(ATR) The International Canoe Federation (ICF) has had to juggle to try a program for Paris 2024 with quality, attractive and universal.
This position is as a result of the parameters set by the International Olympic Committee: reduction of 12 quotas, the same number of Tokyo medals and the proposal of Paris 2024 to include the Extreme Slalom
On Thursday the ICF Executive Board readjusted quotas and distances, of the 10 Sprint events and the Extreme Slalom within the Slalom program, in the Parisian appointment in four years.
The ICF had to analyze, debate and vote for these radical changes in a race against the clock after the IOC informed on November 9 that the federation had to reduce 12 quotas without additional medals.That proposal was to be received by the Olympic Program Commission in November.
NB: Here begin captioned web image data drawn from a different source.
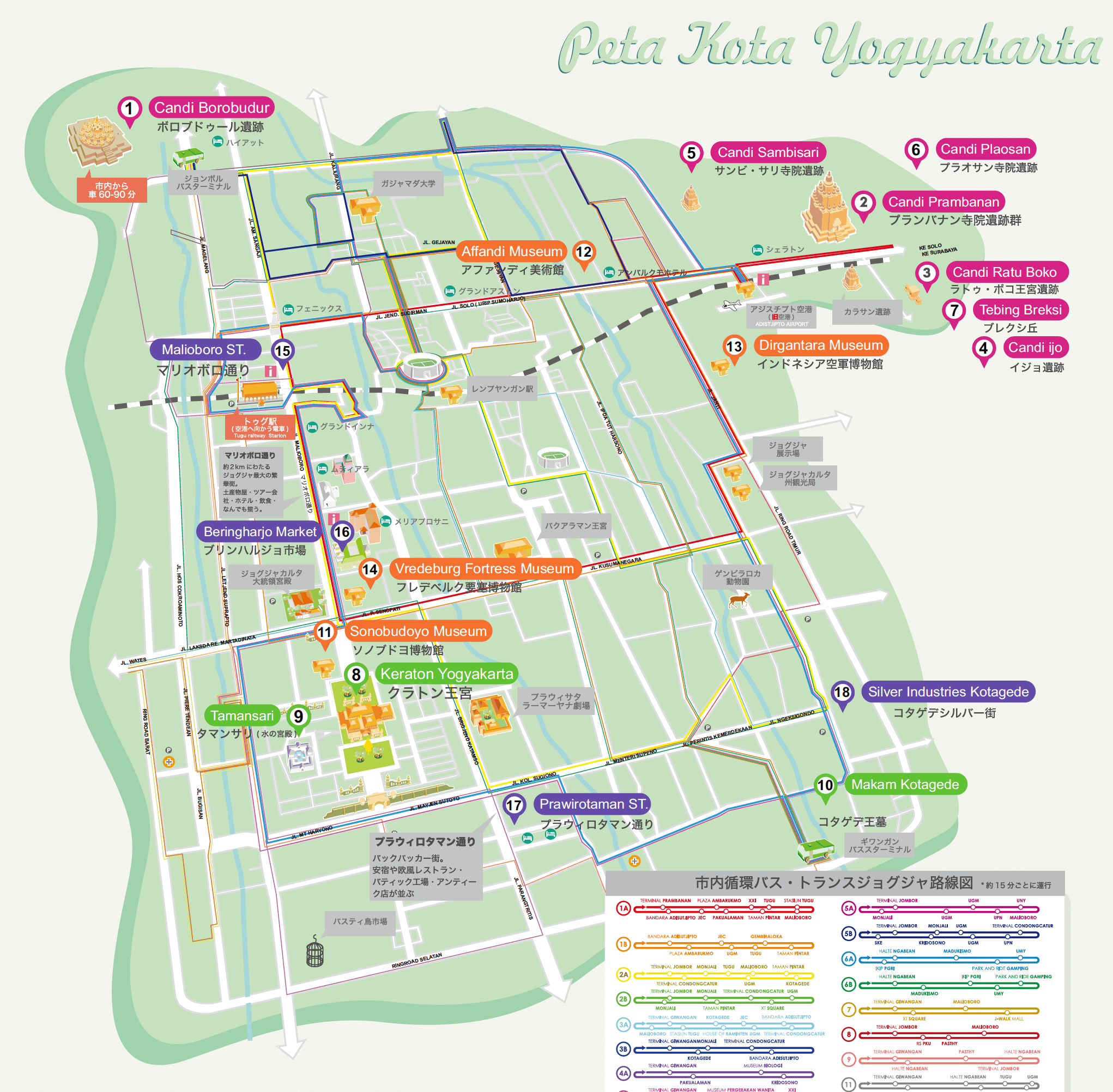 インドネシアで最も人口の多いジャカルタ首都圏の行政ベクトル地図 - ジャカルタのベクターアート素材や画像を多数ご用意 - ジャカルタ,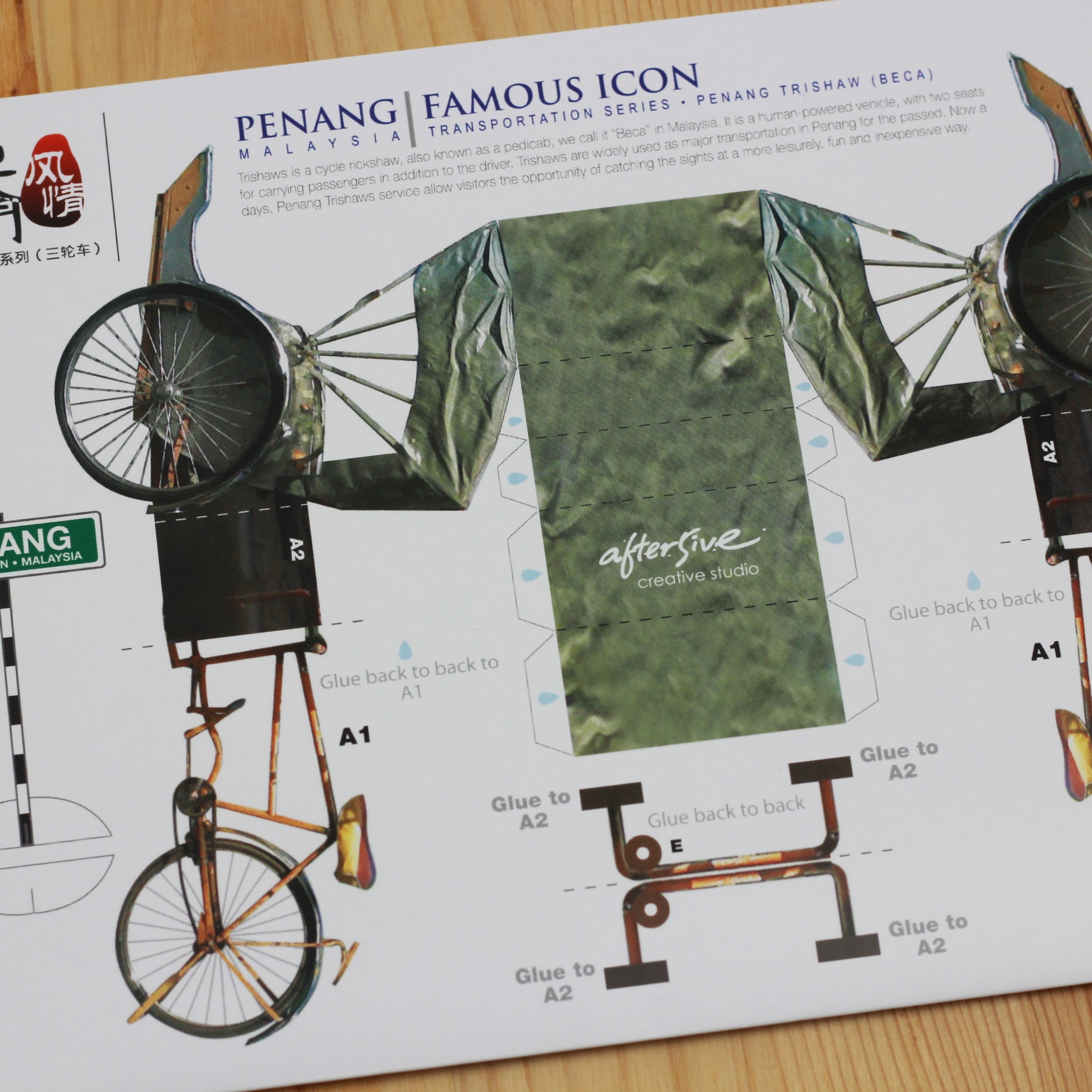 MUOC 3D Diy Trishaw Paper Craft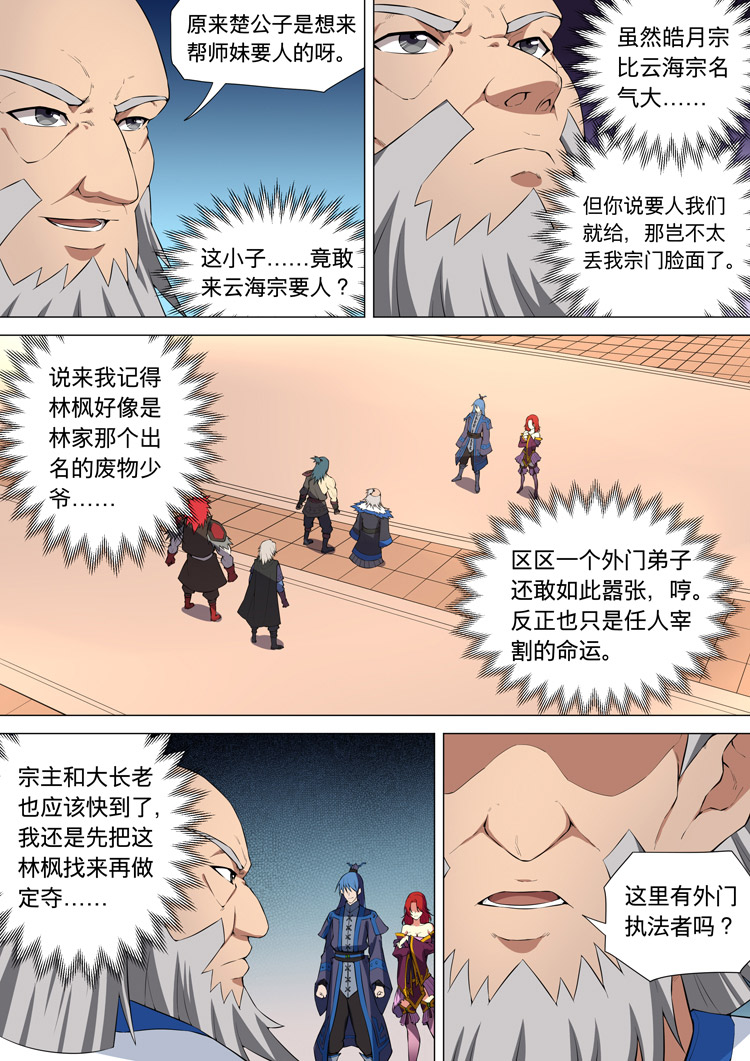 绝世武神29
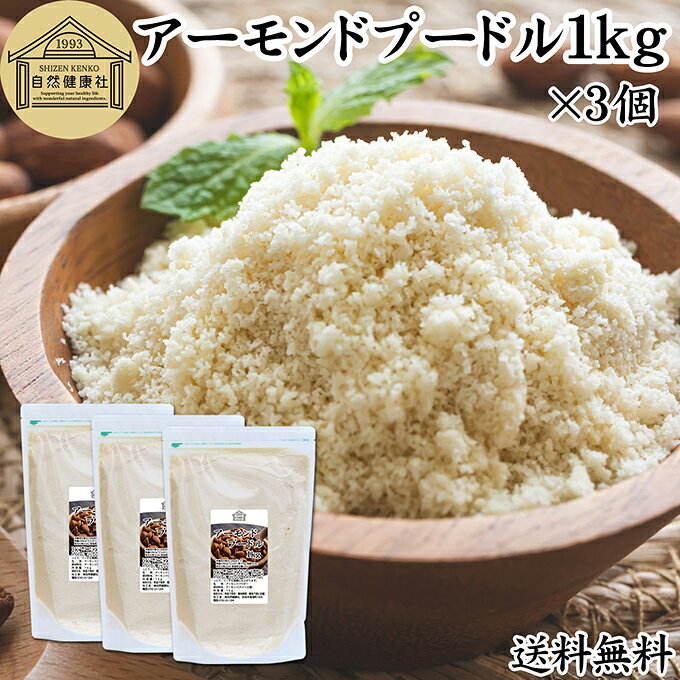 アーモンドプードル 1kg×3個 皮なし アーモンド パウダー 粉末 製菓用 無塩 食塩無添加 植物油 不使用 砂糖不使用 無添加 塩なし 100% 業務用 大容量 製菓材料 洋菓子 クッキー ケーキ パウンドケーキ パン マドレーヌ マカロン タルト 生アーモンド カリフォルニア産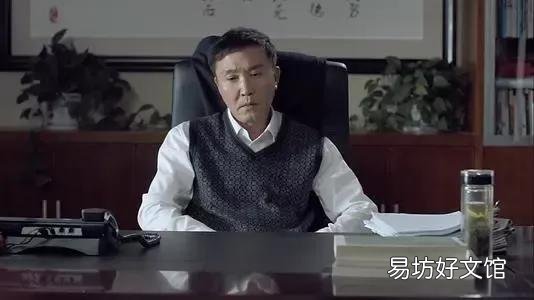 五十多岁的男人,应特别注意些什么?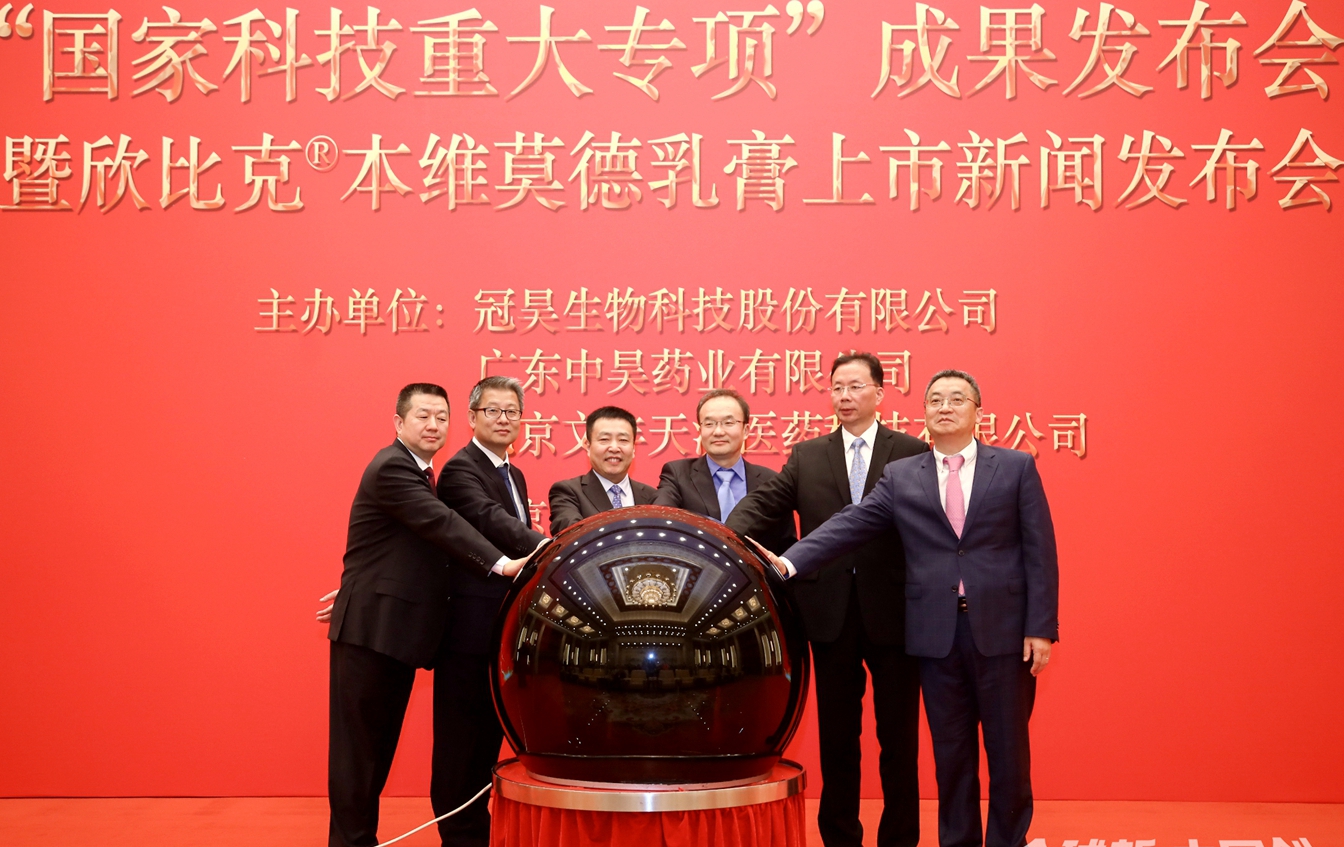 ˎI(y)ȫׄ(chung)yмˎȿ®аl(f)(hu)ھek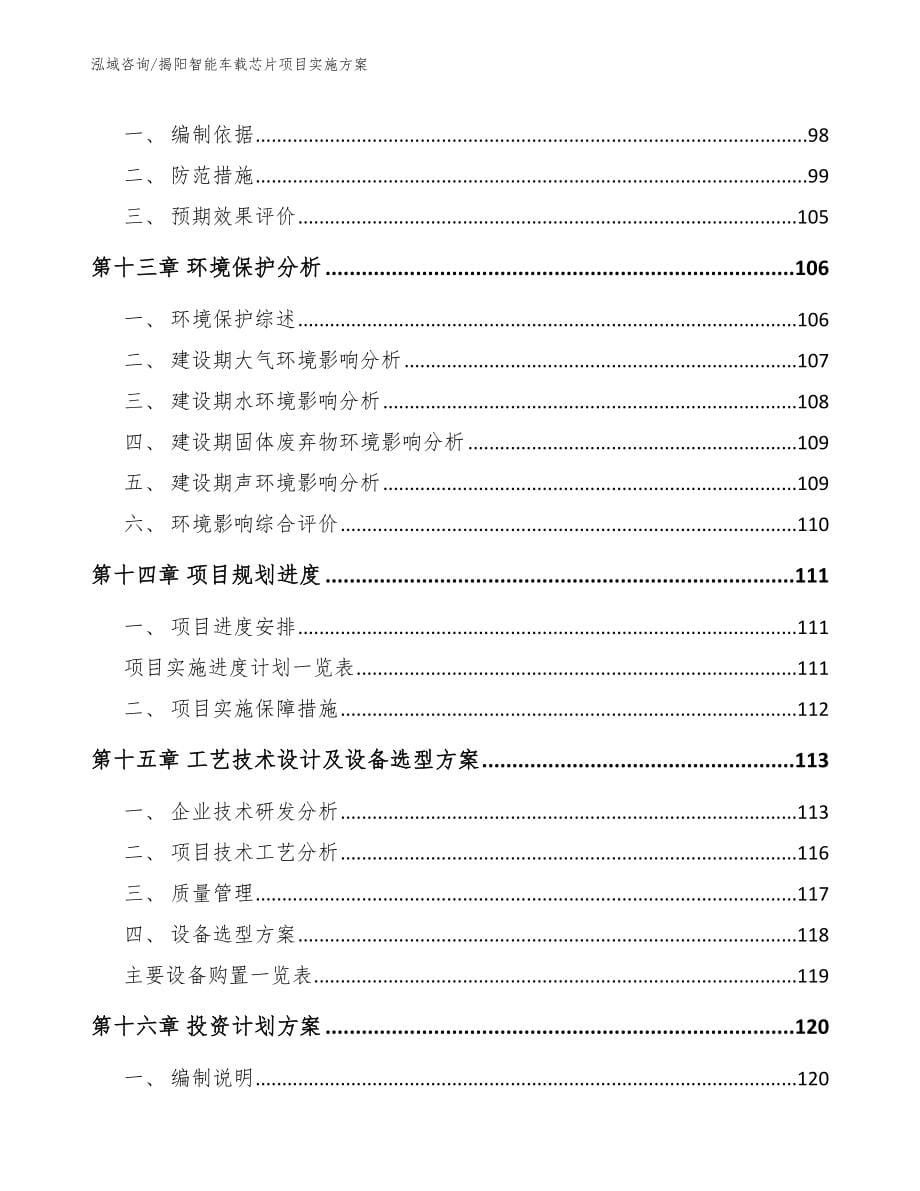 揭阳智能车载芯片项目实施方案【范文】_第5页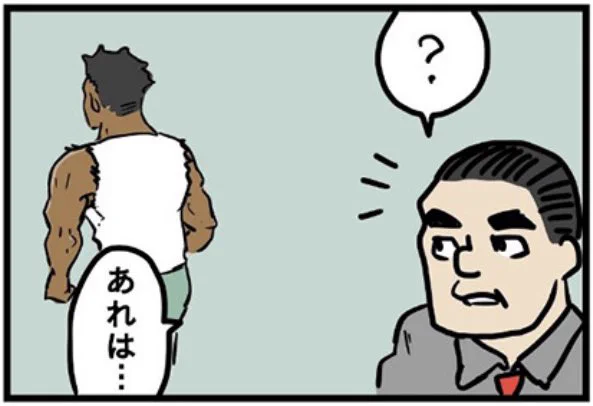 エムスリーさんにて
365日後に退局する医師
31話公開中です

【マンガ】退局まであと154日 医局に侵入、不審者の正体
https://t.co/wYpG3OTLhI 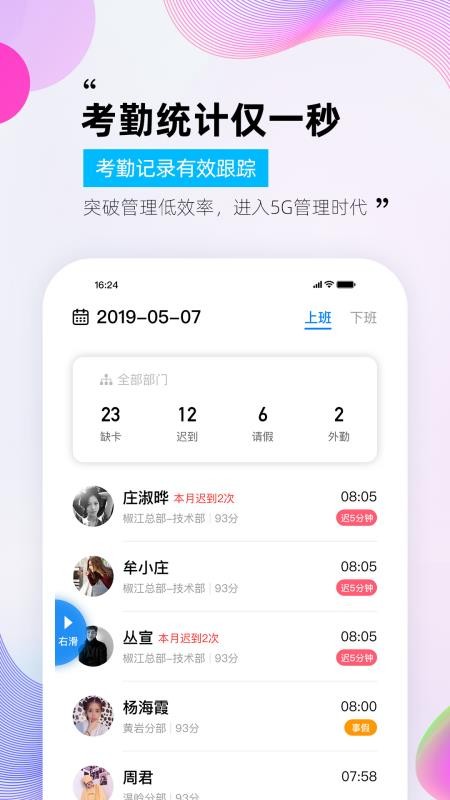 һӿapp_һӿ v1.1.17 ׿
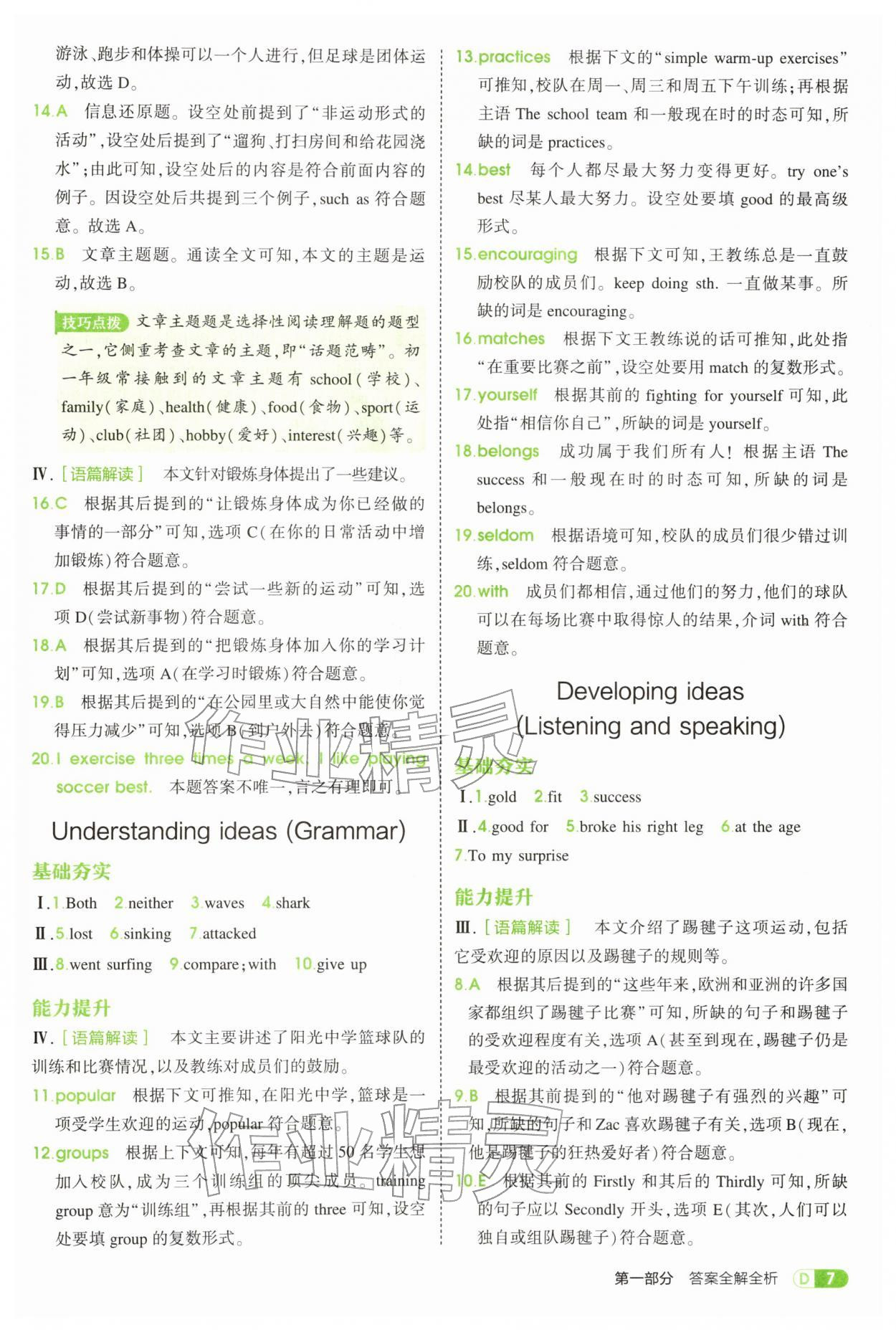 2026年5年中考3年模拟七年级英语下册外研版&nbsp;第7页
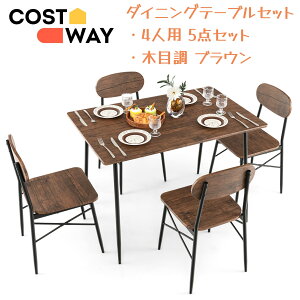 COSTWAY _CjOe[uZbg 4lp 5_Zbg _CjOZbg e[uZbg e[u`FAZbg e[u֎qZbg llp He[u lle[u ؖڒ uE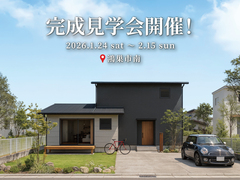 【来場特典有】『平屋のような暮らしを実現！ムダなし家事ラク動線の家』完成見学会開催！のメイン画像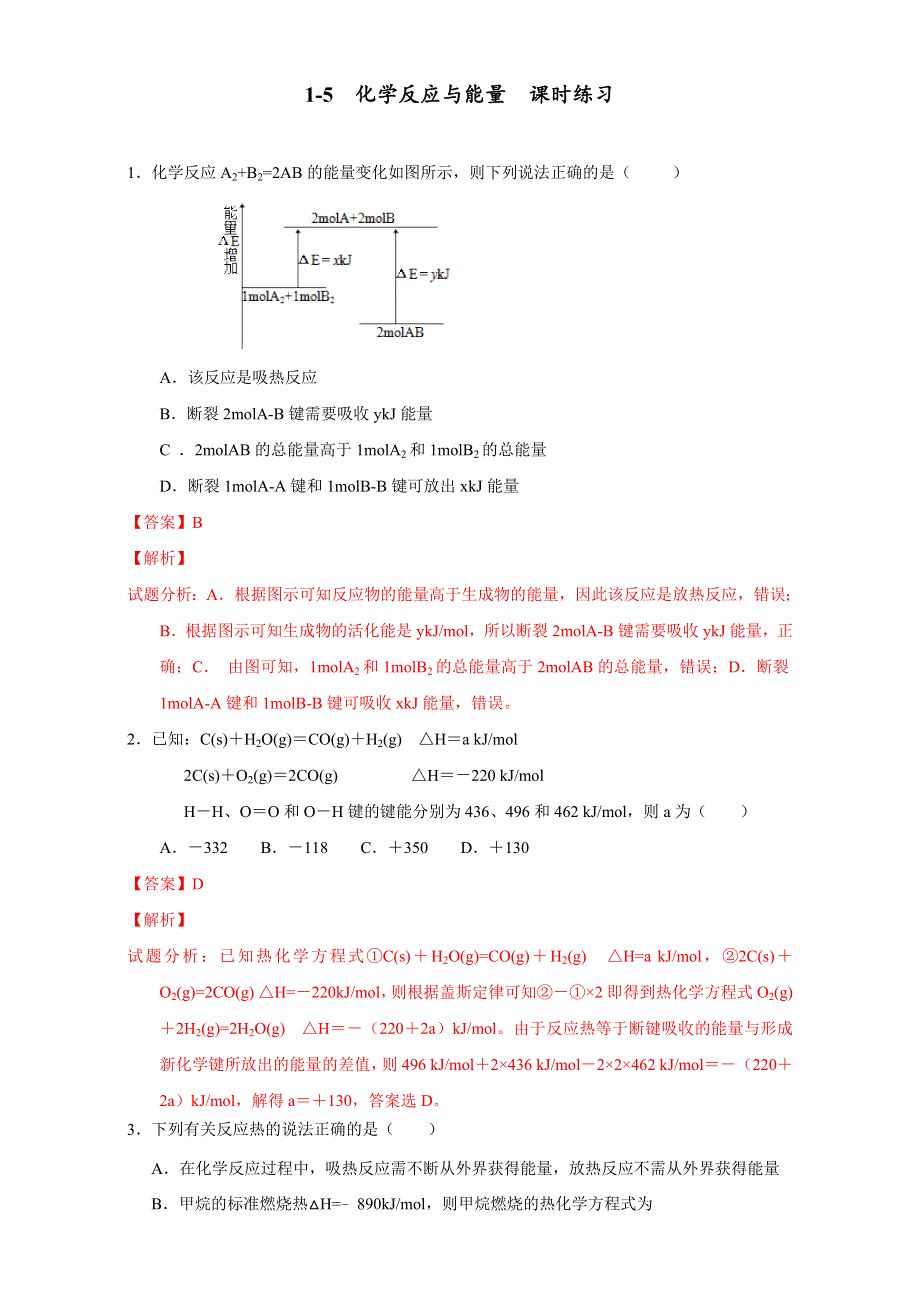 北京市2015-2016学年高一化学下册 1-5 化学反应与能量（课时练习） WORD版含解析.doc_第1页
The two events proposed by the ICF Technical Commission that would be left out of the Paris 2024 program are the K1 200 meters for men and women. This distance had been introduced in the 2012 London Olympics.
With this proposal, the Paris 2024 program will include 10 sprint events (instead of the 12 in Tokyo),and six in slalom with the two in extreme slalom.
The Parisian organizers had opted for the inclusion in the extreme slalom program within their approach to guaranteeing an Olympic product oriented to young people, attractive and innovative
Around the Rings learned that former canoeist Tony Estanguet, president of the Paris 2024 Organizing Committee, attended these virtual debates in his capacity as a member of the ICF Executive Board but did not participate in the vote on the proposals.
Tokyo 2020 will see an equal number of events and quotas for men and women for the first time in canoeing.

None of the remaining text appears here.